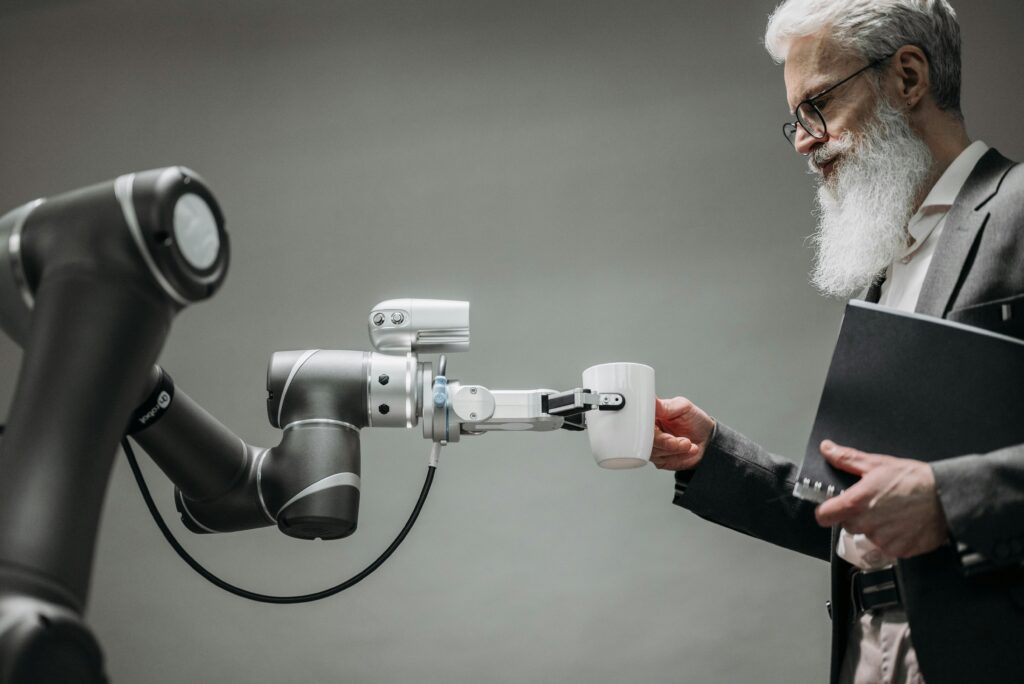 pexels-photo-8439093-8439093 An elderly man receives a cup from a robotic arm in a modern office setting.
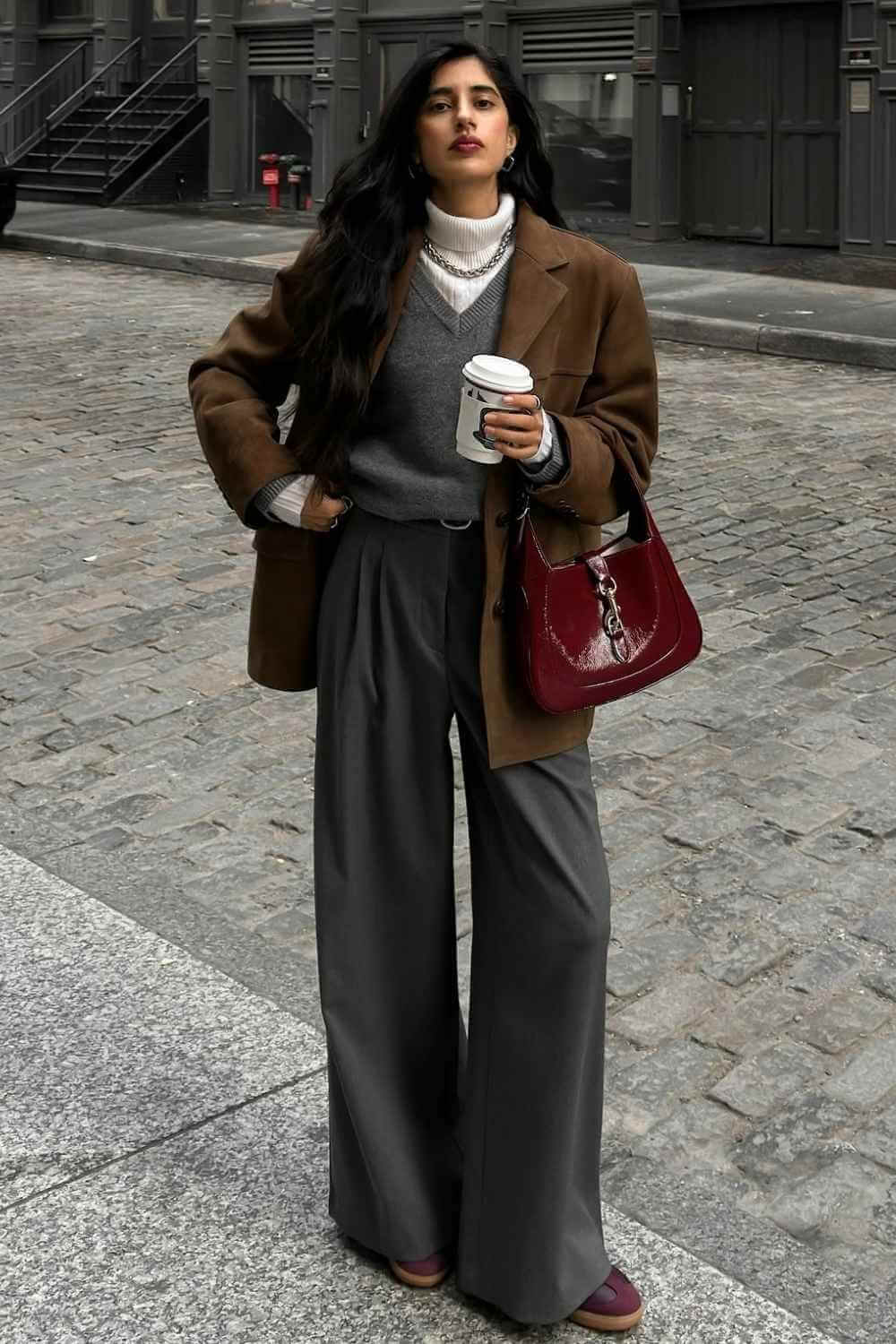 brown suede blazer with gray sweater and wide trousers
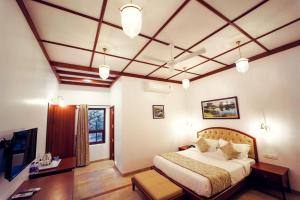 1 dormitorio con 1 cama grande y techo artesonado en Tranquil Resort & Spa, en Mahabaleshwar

--

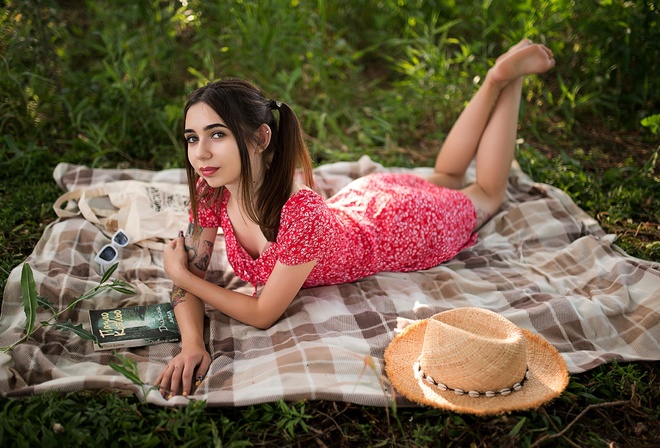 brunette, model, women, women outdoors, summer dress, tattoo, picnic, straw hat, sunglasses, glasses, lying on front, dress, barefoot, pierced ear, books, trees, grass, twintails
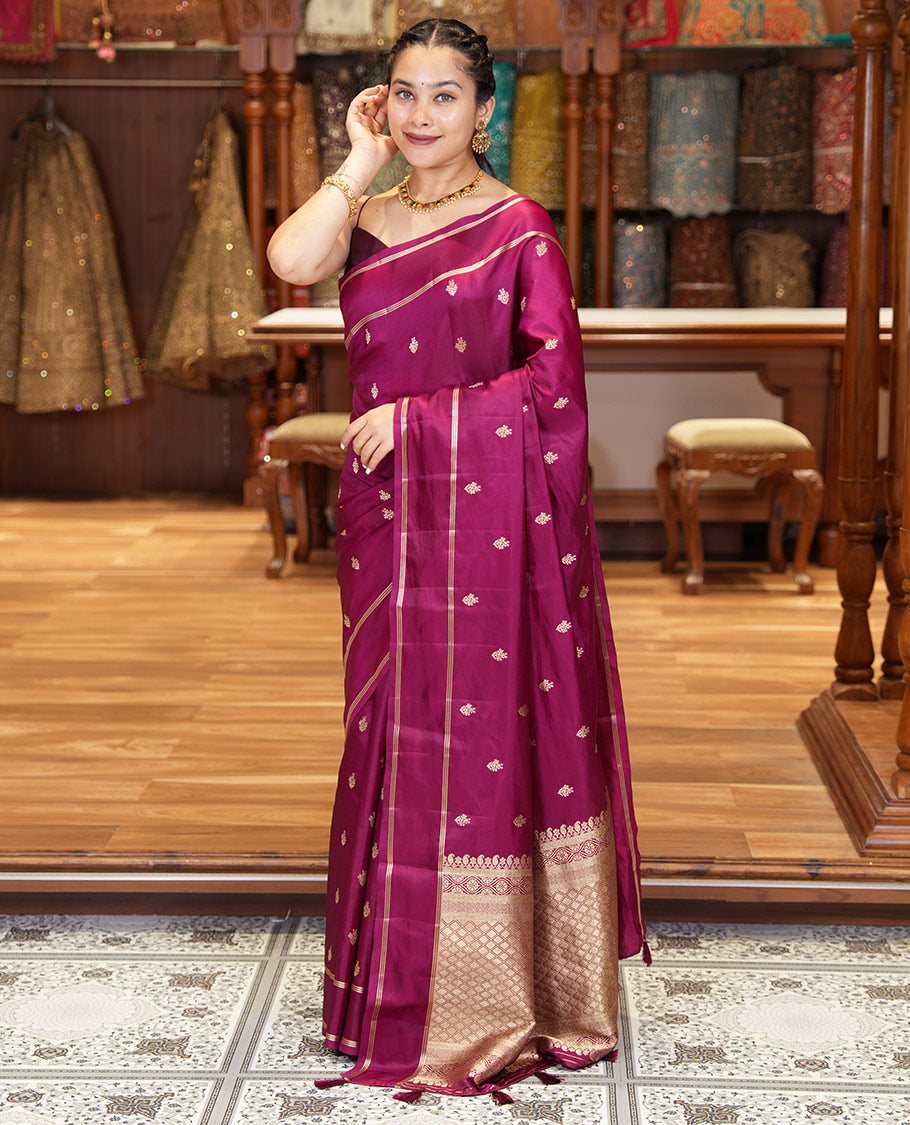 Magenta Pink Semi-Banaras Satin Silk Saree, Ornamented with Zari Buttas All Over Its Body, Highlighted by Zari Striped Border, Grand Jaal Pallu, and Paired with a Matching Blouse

— Try it —
Leave out every picture, and copy exactly the lines above starting at the one holding "brunette, model, women, women" and ending at the one holding "Magenta Pink Semi-Banaras", no more and no less.

— Result for this task —
 brunette, model, women, women outdoors, summer dress, tattoo, picnic, straw hat, sunglasses, glasses, lying on front, dress, barefoot, pierced ear, books, trees, grass, twintails
 Magenta Pink Semi-Banaras Satin Silk Saree, Ornamented with Zari Buttas All Over Its Body, Highlighted by Zari Striped Border, Grand Jaal Pallu, and Paired with a Matching Blouse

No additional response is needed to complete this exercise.